Handling, however, is surprisingly tight. Thanks, in part, to hybrid components positioned for a low centre of gravity, not to mention my tester’s $5,600 F Sport Series 1 package that adds front and rear performance dampers to its fully independent suspension.

Standard speed-sensitive electric power steering provides just enough weight and feedback to make the CT feel responsive in the twisties. Indeed, hard cornering is precise – and with minimal body roll. Too bad, even in sport mode, you can’t really power out of a turn. The Prius drivetrain simply doesn’t have enough juice to make it happen.

Fortunately none of this tautness comes at the expense of ride quality. The CT absorbs rough pavement in a way befitting its nameplate.
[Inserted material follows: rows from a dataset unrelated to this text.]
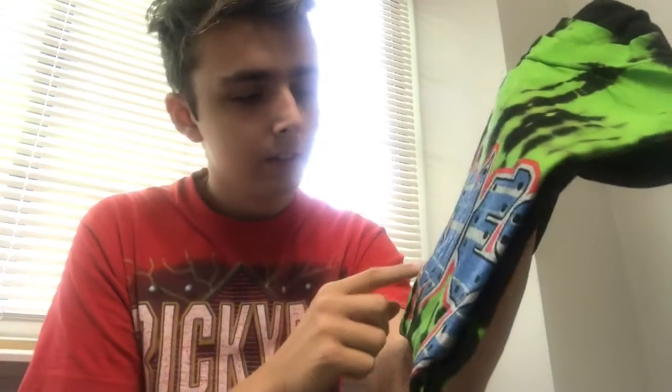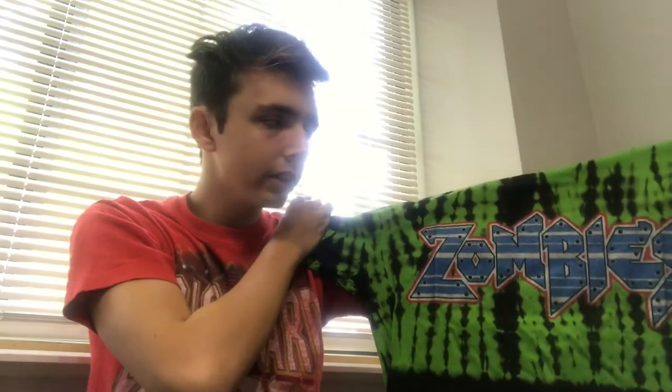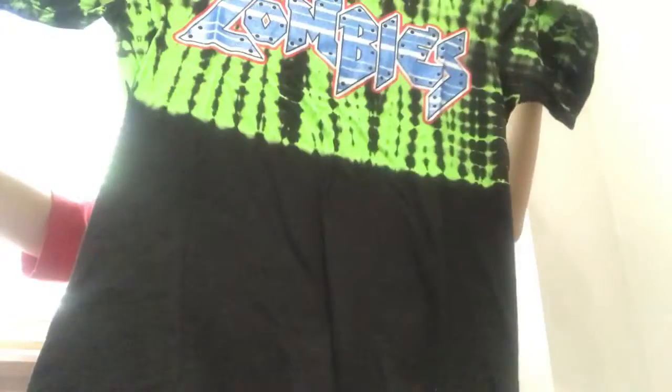I thought this was orange — it kind of looks orange — but this is red, red as hell all around it. Now, back to what I said a couple videos ago: some look like actual mediums, some look like larges, some look like smalls. This medium actually looks like a medium — if anything, maybe a little bit big.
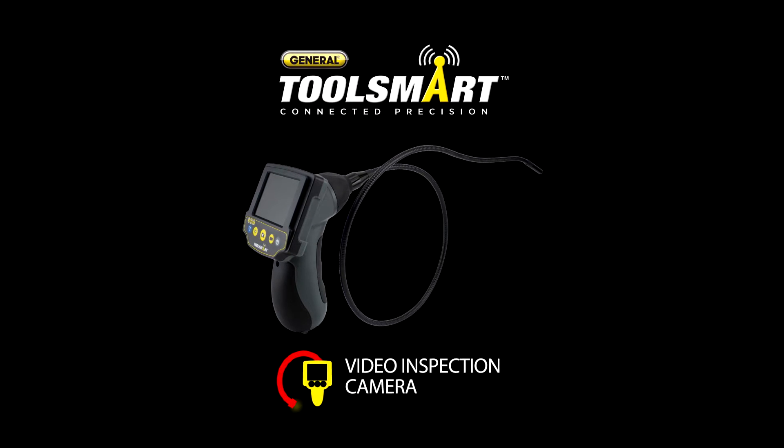The ToolSmart Video Inspection Camera from General Tools. The camera lens is just 8mm wide, so access points can be easily patched or hidden. Snake the 3-foot-long probe through ducts and under and behind appliances, even in the dark. Built-in LEDs give you a clear view.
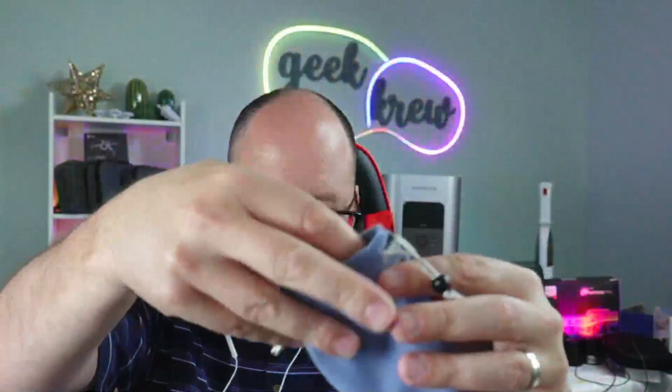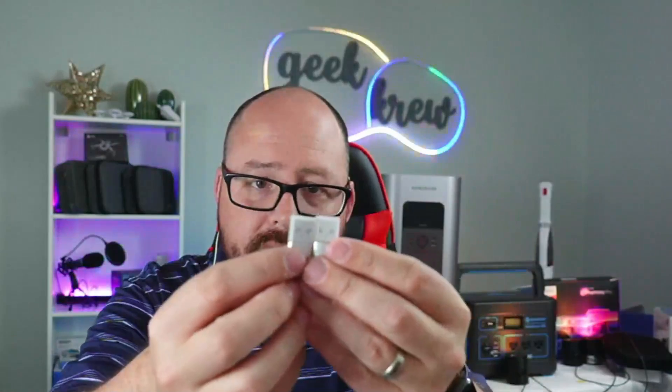It does come with headphones, and then it also comes with the adapter too. So let's go ahead and open this up. It comes with a little pouch right here and everything inside that you pretty much need. Right here are the headphones that it comes with, which I'm wearing right here. And then right here is an adapter for your phone, and it also comes with an adapter to go from USB-C to USB-A as well.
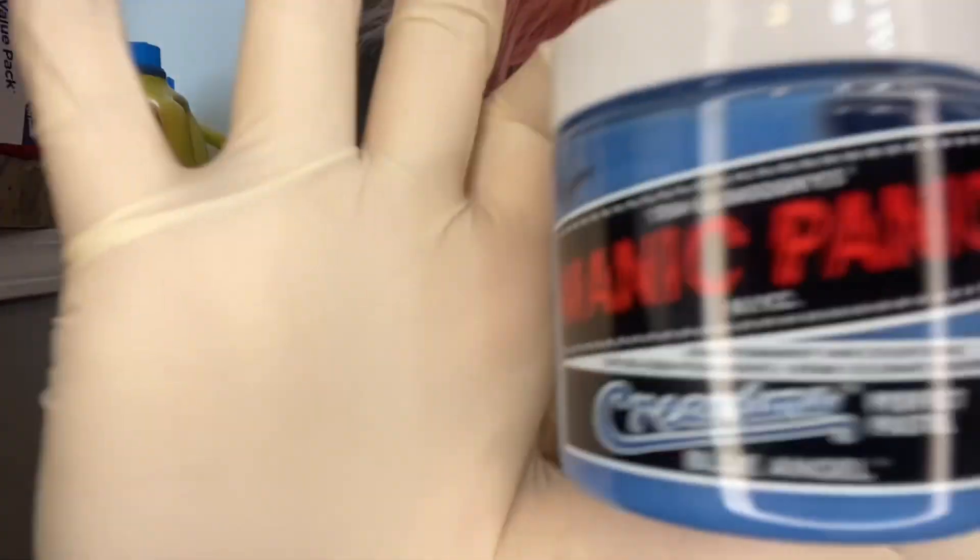Blue Angel — can you see it? That is the one that I'm gonna be using today. Will it stick to the darker parts closer to my roots? Probably not, but maybe we'll be able to get a cool ombre out of that. But what I'm hoping for is that it turns this purple-ish, like a cute lavender perhaps.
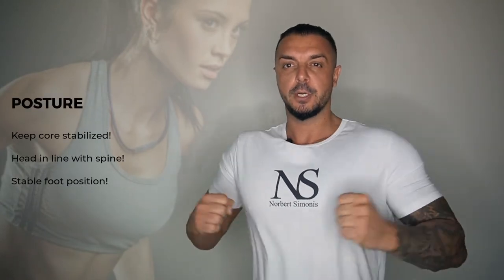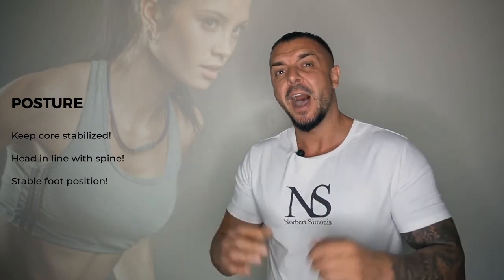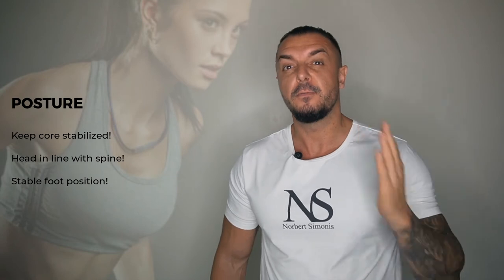Next is good posture. No matter the exercise, you always want to keep your core stabilized. For example, this means tightening your abs and back when doing squats, or standing up straight and not hunched when performing the military press. Please make sure that your head always forms a straight line with your spine. I know we all like to look at ourselves in the mirror when doing lifts, but when bringing your head up, you create a lot of unwanted tension in your neck. Another thing is to always place your feet firmly on the floor so you have a stable foot position.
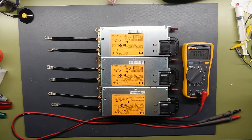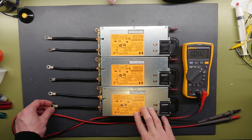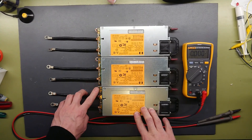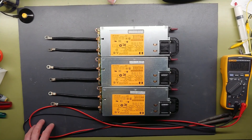All three power supplies have now been modified with the new output leads, which is a piece of six square millimeter copper wire with a cable shoe on. There is the small jumper to make them start. So let's fire them up.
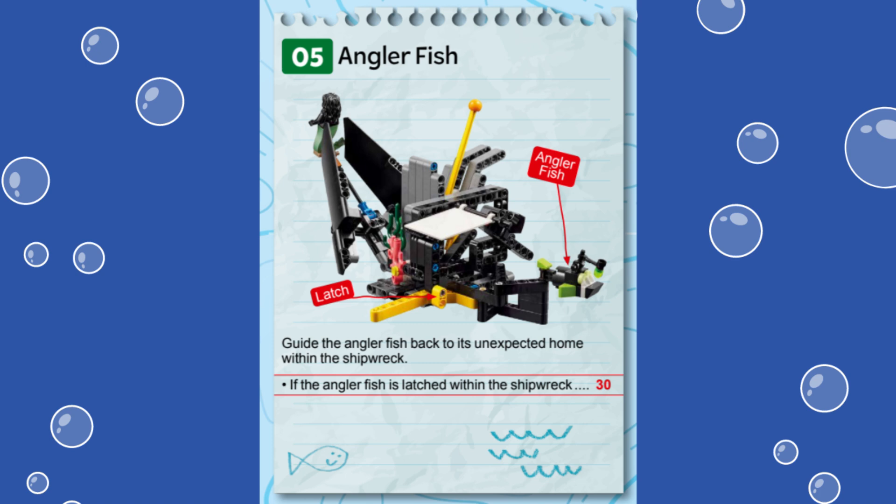We opted for a different solution, however. Let's dive in and see how we accomplished this mission.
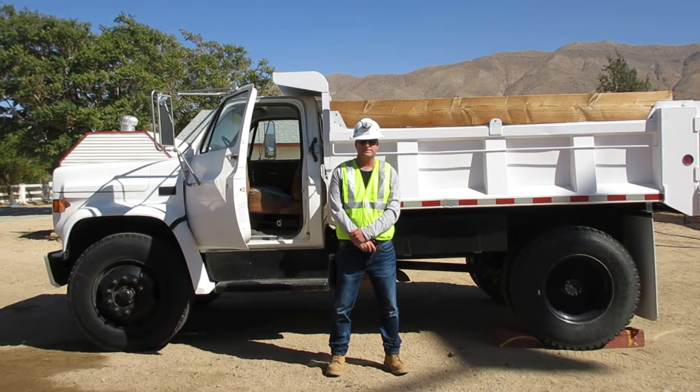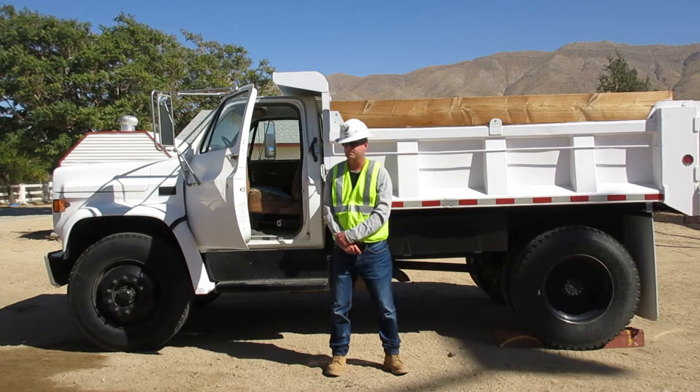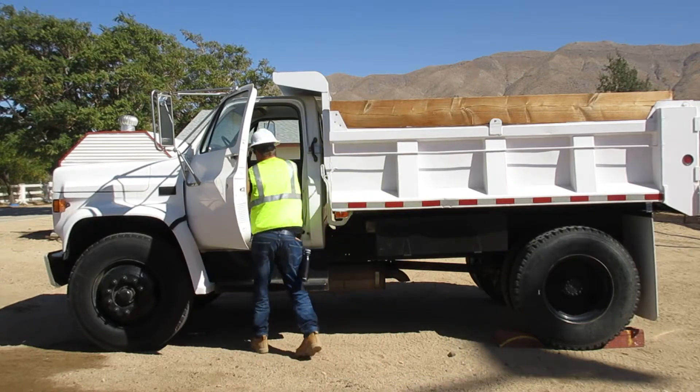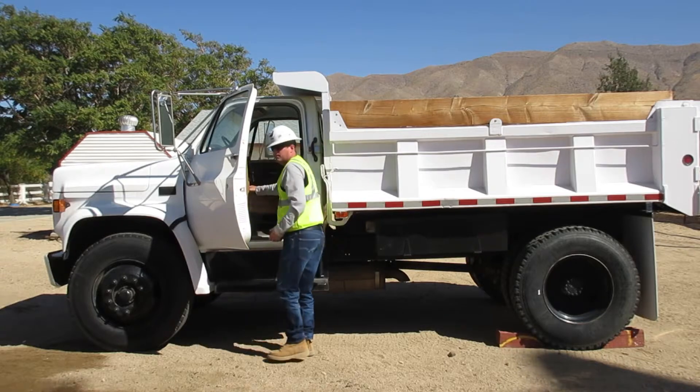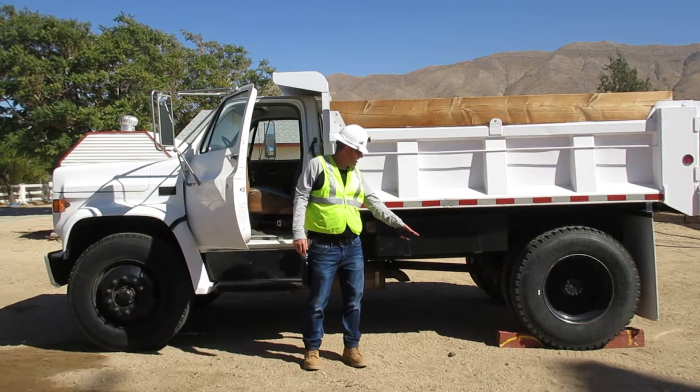The final test is the leak test. I'm going to turn the engine off, chock the tires, and release the brake. It will be no more than 3 pounds drop per minute. My tires are already chopped.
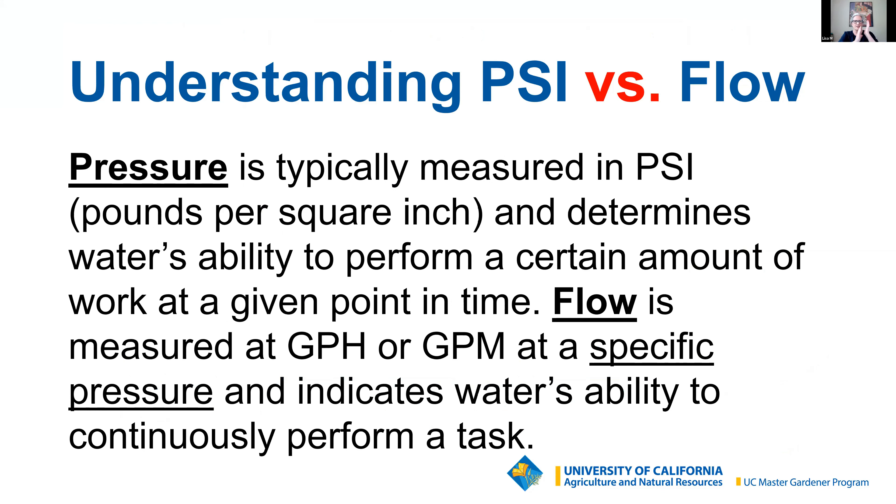Generally, drip irrigation performs best at 30 PSI, and sprinklers need more force — they perform best at 40 to 50 PSI.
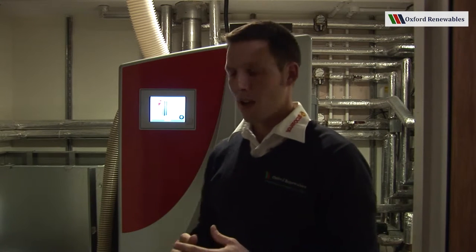You do need a bit more space to install the thing because obviously you need to be able to move around it to install it and to service it. So let's carry on and go through the parts of the boiler.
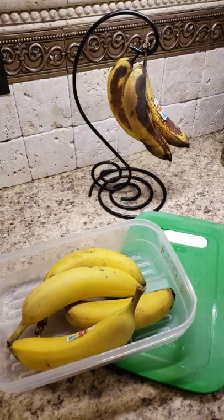Hi, Heather from Tupperware. People ask me all the time if our FridgeSmart works for bananas. Here's proof.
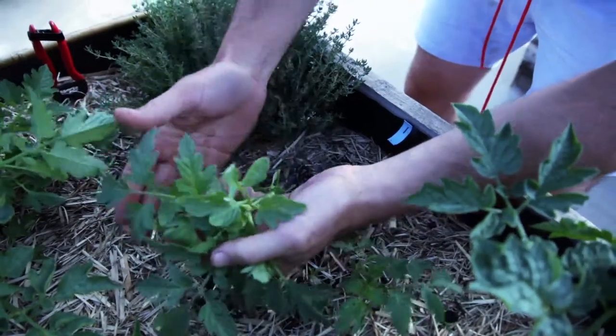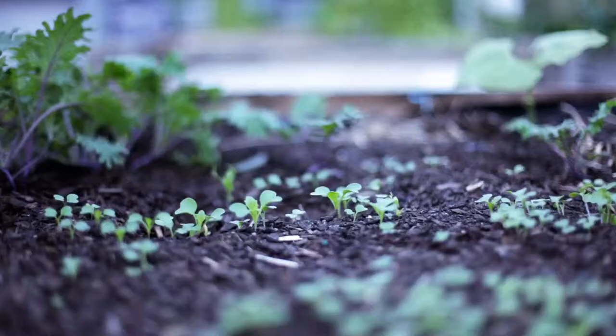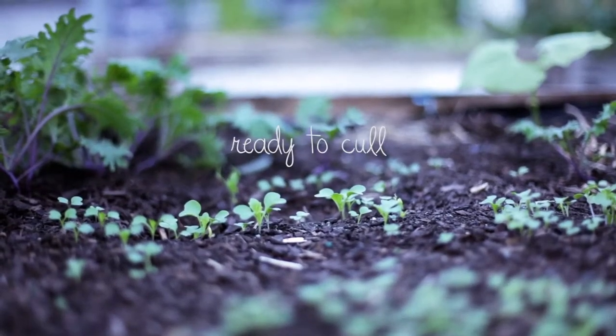Each year in this country we cull two to three million kangaroos and no one blinks an eye. Then you ask someone to pull a vegetable seedling from their patch and they're likely to cry murder. When planting from seed it's often difficult to get the spacing right, so when the time comes you're going to have to thin out the seedlings. Unfortunately this is a necessary evil, and for the greater good of those that remain, you can't get sentimental.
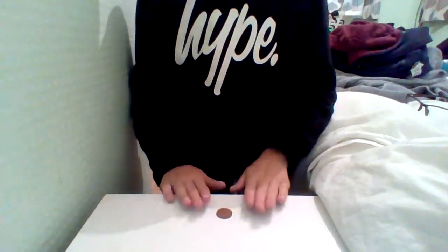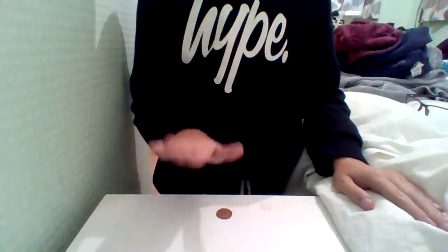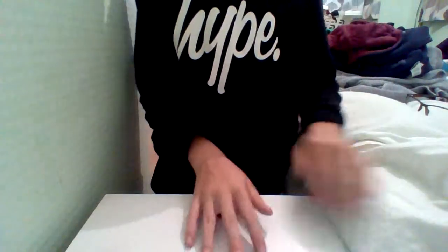We've got this coin right here, and we are going to rub it, make it disappear, and it's going to reveal in my pocket. So, ready?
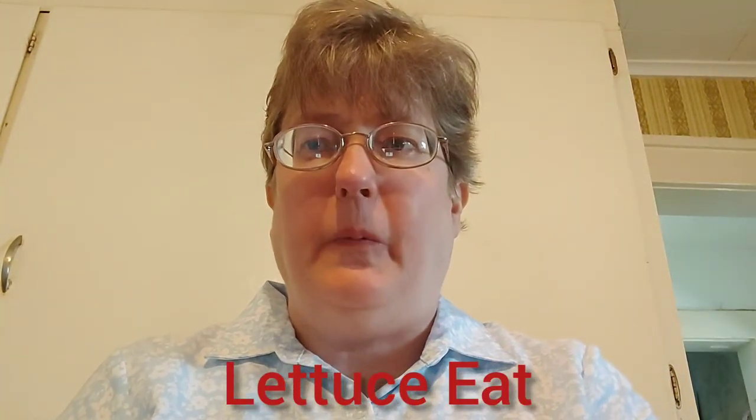I'm Suzanne Ridgway. This is Lettuce Eat. Welcome to my channel. Today I'm going to show you how to make a delicious dinner using leftover rotisserie chicken that will feed a flock.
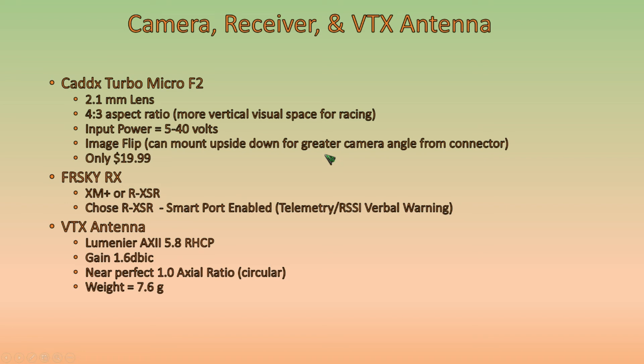The receiver we'll use is a FrSky receiver because that's the type of transmitter we have. We looked at the XM Plus or the RXSR. I've used XM Plus receivers in the past and they're fine, but one of the things I'd like to explore is RSSI telemetry — specifically verbal warnings when signal is getting low from my transmitter. Between these two receivers, the only one that gives you that capability is the RXSR. That's the reason we chose the RXSR, to get the RSSI verbal warning from your transmitter.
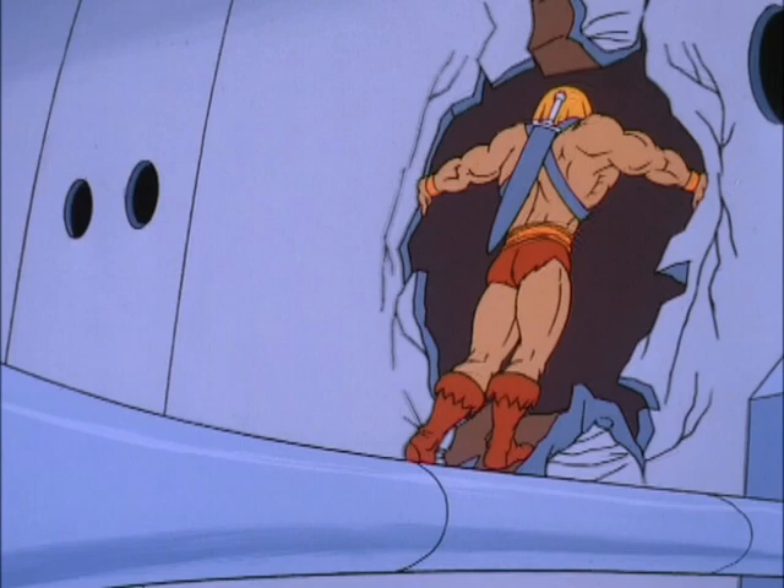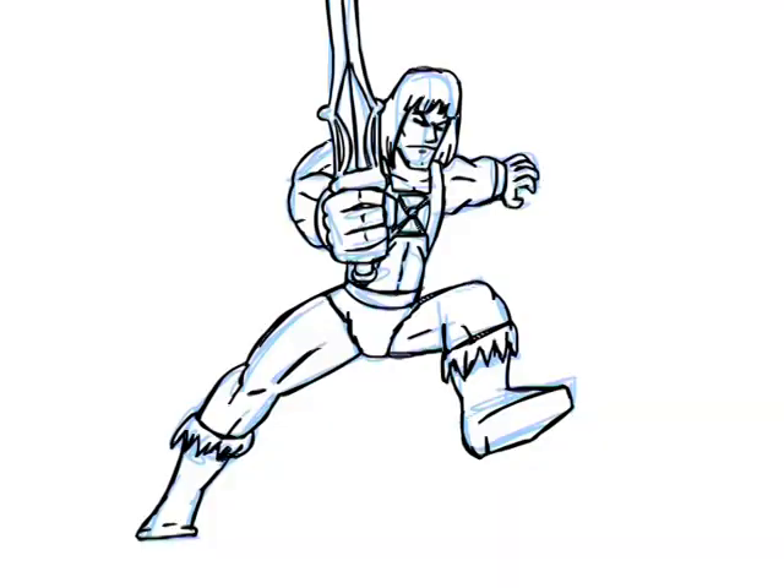As a bonus, here's my attempt at the Filmation Animation Test. Are you ready? I think it's safe to say that Filmation would never have hired me.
Also on the plus side is fuel economy. The CT sips at a rate of 5.5/5.9 L/100 km (city/hwy), which may not match Prius, but is frugal nonetheless. The latter’s more aerodynamic shape and lighter weight may account for the difference, but I’d trade a few drops of petrol for a little panache any day.

Inside too, this Lexus lives up to the brand’s reputation, with a divided cockpit lined in NuLuxe synthetic leather. It’s a pretty good knockoff, but you can get the real thing with the F Sport Series 2 package, stretching the CT’s price to a lofty $41,350.

Overall, the interior layout looks upscale, and is ergonomically sound. Topping the neatly arranged centre stack is a large infotainment screen, controlled by a rotary puck located where your hand falls off the armrest. It works like a mouse, and although not as easy as some touchscreens, it is an improvement over the wobbly joystick employed in some Lexus vehicles.

Large buttons control climate, and there are volume and tuning knobs for audio – everything within easy reach.

The heated front buckets, with eight-way power adjust for the driver, (four-way for the passenger) are long-distance comfortable. But rear seats are tight. My 11-year-old daughter had no complaints, but her now gangly 14-year-old brother wasn’t having it. Here’s where Prius scores higher marks.

Ditto for price, but it’s hard to compare apples to apples. And if you’re willing to forgo the expensive F Sport Series 1 and 2 packages, you’ll pay $2,475 more for a well-equipped base CT 200h than a loaded, top-trim Prius.

I’m not sure what value you’d place on brand cachet, not to mention sharper styling, but for me $2,475 might just do it.

The CT’s lowered roofline, ending in an oversized spoiler, conveys attitude. Like a ballcap turned backwards.

SNAPSHOT: 2017 Lexus CT 200h
BODY STYLE: compact, premium hybrid hatchback
DRIVETRAIN: front engine, front-wheel-drive, with CVT
ENGINE: 1.8-litre Atkinson cycle four cylinder with electric motor (134 net system hp)
FUEL ECONOMY: 5.5/5.9 L/100 km (city/hwy)
CARGO: 405 litres with seats raised
PRICING: base $32,900; Touring Package $36,100; F SPORT Series 1 (as tested) $38,500; Executive Package $40,600; F SPORT Series 2 $41,350. Does not include freight and taxes. See website for accessories and current dealer pricing.